Permutations and school timetable

Question

If there are 6 periods in each working day of a school. In how many different ways can one arrange 5 subjects such that each subject is allowed at least one period? I tried this way- One of the six periods can be arranged in 5 ways and the remaining 5 periods in 5 factorial ways. Totally 600 ways

Answer 1

Lets think how we might pick this time table we can first assign a slot for each of our five subjects then finally pick the subject for the remaining slot.

Subject A has a choice of 6 slots
Subject B has a choice of 5 slots
Subject C has a choice of 4 slots
Subject D has a choice of 3 slots
Subject E has a choice of 2 slots

So far we have created $6! = 720 $ distinct permutations and there is a choice of 5 subjects for the remaining slot creating $5 \cdot 720 = 3600$ possible permutations but we note that these are not all distinct because we could swap the repeated subject with itself in the other slot the total number of distinct timetables is therefore $\dfrac{3600}{2} = 1800.$

Answer 2

We assume that, sadly, there are no "spares." So some subject is taught twice, and the others once each.

Choose the subject that gets extra attention. This can be done in $5$ ways. For each such choice, the periods that this favoured subject gets can be chosen in $\binom{6}{2}$ ways, and for each choice the other subjects can be arranged in the remaining slots in $4!$ ways.

That gives a total of $5\cdot\binom{6}{2}\cdot 4!$ ways.

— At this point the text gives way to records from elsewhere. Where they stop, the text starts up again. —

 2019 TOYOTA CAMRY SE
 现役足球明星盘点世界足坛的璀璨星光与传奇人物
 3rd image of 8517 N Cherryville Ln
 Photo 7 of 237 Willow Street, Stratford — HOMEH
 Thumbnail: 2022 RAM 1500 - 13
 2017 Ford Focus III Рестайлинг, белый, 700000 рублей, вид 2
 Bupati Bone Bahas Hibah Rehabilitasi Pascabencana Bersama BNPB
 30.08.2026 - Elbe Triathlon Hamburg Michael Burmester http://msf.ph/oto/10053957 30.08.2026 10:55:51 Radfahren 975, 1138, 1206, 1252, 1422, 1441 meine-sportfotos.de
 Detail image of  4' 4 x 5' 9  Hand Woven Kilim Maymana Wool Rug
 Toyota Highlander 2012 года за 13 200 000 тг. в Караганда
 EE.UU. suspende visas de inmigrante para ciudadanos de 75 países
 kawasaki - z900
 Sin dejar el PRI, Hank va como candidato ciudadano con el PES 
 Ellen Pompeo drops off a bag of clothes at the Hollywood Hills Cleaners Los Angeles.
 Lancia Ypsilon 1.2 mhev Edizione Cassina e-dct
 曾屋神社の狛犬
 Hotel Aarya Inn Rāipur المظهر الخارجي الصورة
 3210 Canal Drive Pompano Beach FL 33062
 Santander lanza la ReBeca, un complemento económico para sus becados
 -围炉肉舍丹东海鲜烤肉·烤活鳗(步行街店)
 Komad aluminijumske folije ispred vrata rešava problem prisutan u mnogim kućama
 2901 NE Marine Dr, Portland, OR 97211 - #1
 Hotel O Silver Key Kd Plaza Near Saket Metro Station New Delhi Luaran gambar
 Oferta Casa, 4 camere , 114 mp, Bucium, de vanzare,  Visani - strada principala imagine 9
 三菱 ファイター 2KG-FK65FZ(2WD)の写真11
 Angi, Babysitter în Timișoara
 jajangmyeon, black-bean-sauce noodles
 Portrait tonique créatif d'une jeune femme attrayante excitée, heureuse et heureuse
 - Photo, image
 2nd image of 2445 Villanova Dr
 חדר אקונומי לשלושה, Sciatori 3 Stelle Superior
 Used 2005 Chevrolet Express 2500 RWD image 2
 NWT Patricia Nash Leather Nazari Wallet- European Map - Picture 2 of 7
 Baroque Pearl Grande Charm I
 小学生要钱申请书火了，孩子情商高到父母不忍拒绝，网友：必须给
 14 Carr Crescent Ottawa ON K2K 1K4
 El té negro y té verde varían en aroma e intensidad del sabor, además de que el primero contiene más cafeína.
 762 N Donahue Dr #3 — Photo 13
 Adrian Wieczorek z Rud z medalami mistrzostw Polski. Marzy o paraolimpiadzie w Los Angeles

Remark: For visualization, I like to think as follos. Imagine that the subjects are A (Art), B (Botany), C, D, and E. A timetable can be thought of as a word of length $6$ over this alphabet, in which one letter (subject) occurs twice and the remaining letters occur once each. Our task is to count the number of such words. The letter that occurs twice can be chosen in $5$ ways. The $2$ positions it occupies in the word can be chosen in $\binom{6}{2}$ ways, and then the $4$ remaining letters can be put in the vacant positions in $4!$ ways.